During the years that I was a Guardian ad Litem (Court Appointed Special Advocate) in the child welfare system in Miami I had two cases of children in the foster care system who were transgender. I can unequivocally say that allowing a child to be their authentic self, regardless of the gender assigned at birth, is one of the most powerful gifts you can give. It is literally a life-sustaining gift for some children. Getting there, to that authentic expression, can too often be a difficult process for a child, because of the peers and adults who are in the life of a child who is transgender.

I Am Jazz is a children's picture book that tells the story of Jazz Jennings, a transgender youth activist who hails from my own South Florida. Jazz is the founder of the TransKids Purple Rainbow Foundation and an outspoken member of the LGBTQ community, as well as a media personality with her own TV show on TLC. She recently published Being Jazz detailing her life as a transgender teen. I'm pretty sure that one's been banned, too.

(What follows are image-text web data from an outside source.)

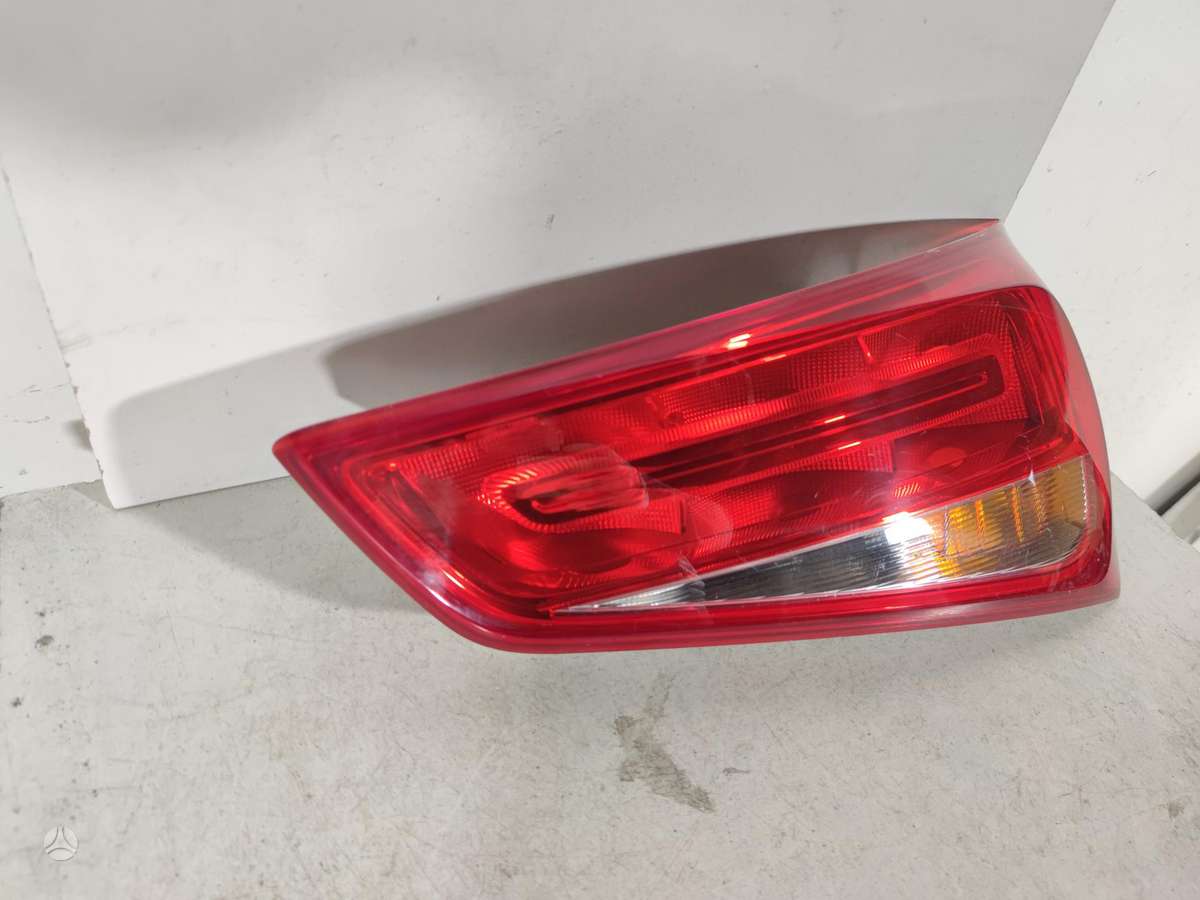 Audi A1, 8X0945094, lights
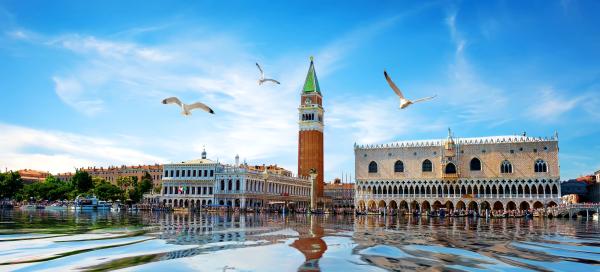 Napříč Itálií – Benátky, Verona, Pisa a Řím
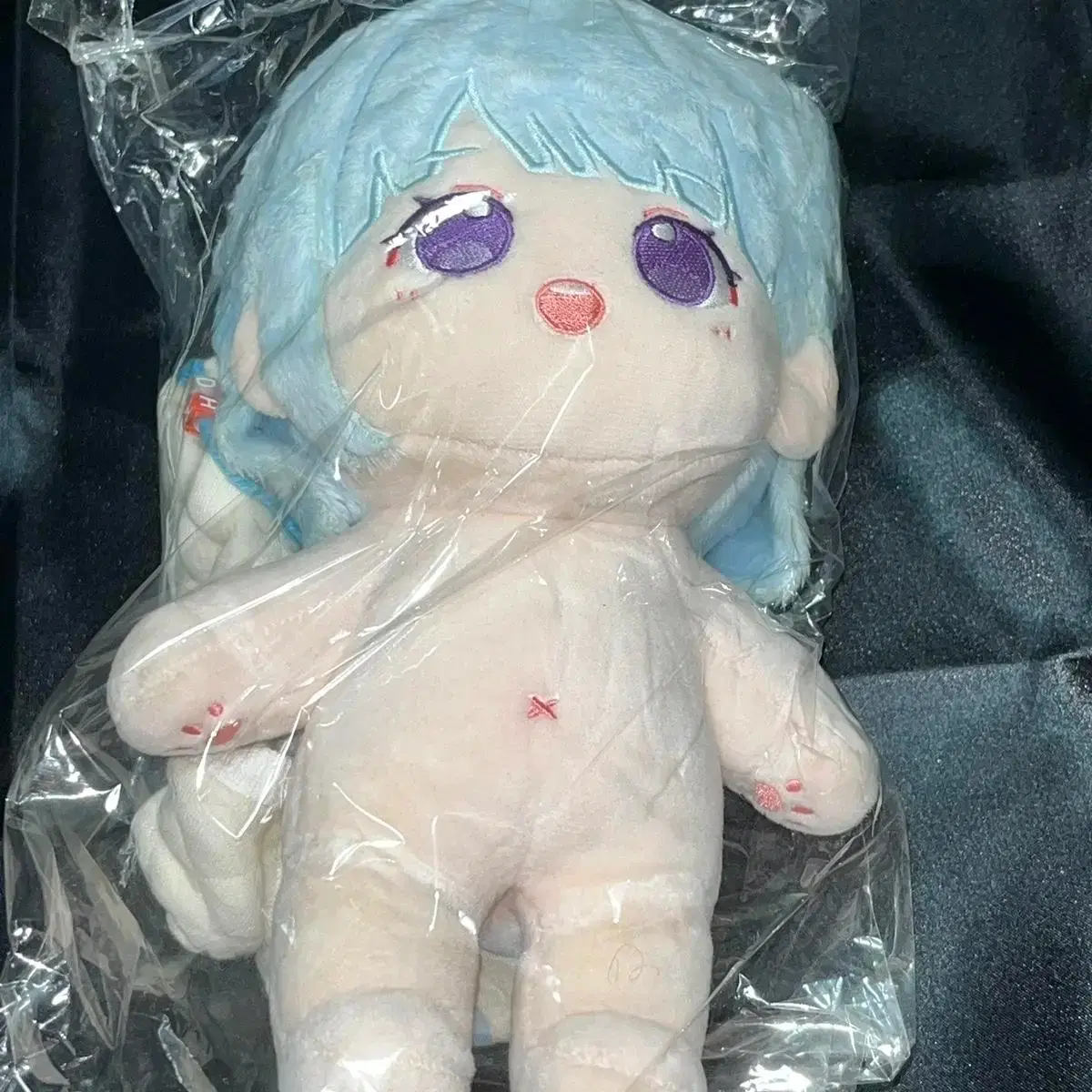 Shino Hajime Attribute Doll, Cotton Doll, Somging Nui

So why am I reviewing a picture book? The younger a child is allowed to express their authentic self, the less likely they are to suffer from the crushing depression and various body issues at puberty that often affect transgender adolescents and can greatly complicate their transition to their true gender. It means making children who feel they are not the right gender aware that this is a known thing, they aren't alone, and that there isn't something wrong with them, all of which is absolutely vital for a trans child. It means giving trans kids more words to share and express how they feel with the adults in their lives, if their parents still haven't fully come to terms with their child's sense of self. It means their peers knowing this is something that happens with some children and that there isn't something wrong with them. It also evidently means that some people think kids shouldn't know about these things and can get a book banned from school and even public library shelves.

Having books out there that reassure trans kids that they're not alone ("There's a book! About a kid just like me! And she's happy!") gives them a head start toward building the resilience to live their lives being their authentic selves. Jazz, with her courage to be herself and share her experience with others, is a role model for all children.

Does your library have any of Jazz's books?